Compensation? Again, the interviewers don't care or know. And really does any company with half a brain care? If you're being hired, it's because we expect that you will make the company orders of magnitude more than we pay you. In that light, trying to push for the maximum salary in the pay band is really not a big deal. It's in the budget after all.

You should be a fly on the wall of a hiring meeting, or work in a startup whose office is open-plan.
My understanding is that according to US labor law, computer programming is not one of the limited group of employment positions for which a degree is (or can be) required. That is, coders can't be required to have a degree, so HR designs questions that are most likely to only be answerable with university-style training.
Do you have a citation for this? I can't imagine that it could ever be the case. The employer can set whatever job requirements they want as long as they do not discriminate against protected classes. Non-degree holders are not a protected class.

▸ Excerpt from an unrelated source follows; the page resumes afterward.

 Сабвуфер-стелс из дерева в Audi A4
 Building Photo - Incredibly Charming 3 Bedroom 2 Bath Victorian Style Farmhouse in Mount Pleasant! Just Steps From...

I'm far from an expert, but I have had to take classes in Employment Law and interviewing practices. This is not the kind of thing they would forget to mention!

I think he might be suggesting that with hiring coders-in-general, it's not necessary that the employer must only hire degree-holders. This is in contrast to hiring an elementary school teacher, where by law the applicant must possess credentials x/y/z even if the school thinks the applicant is fine without those.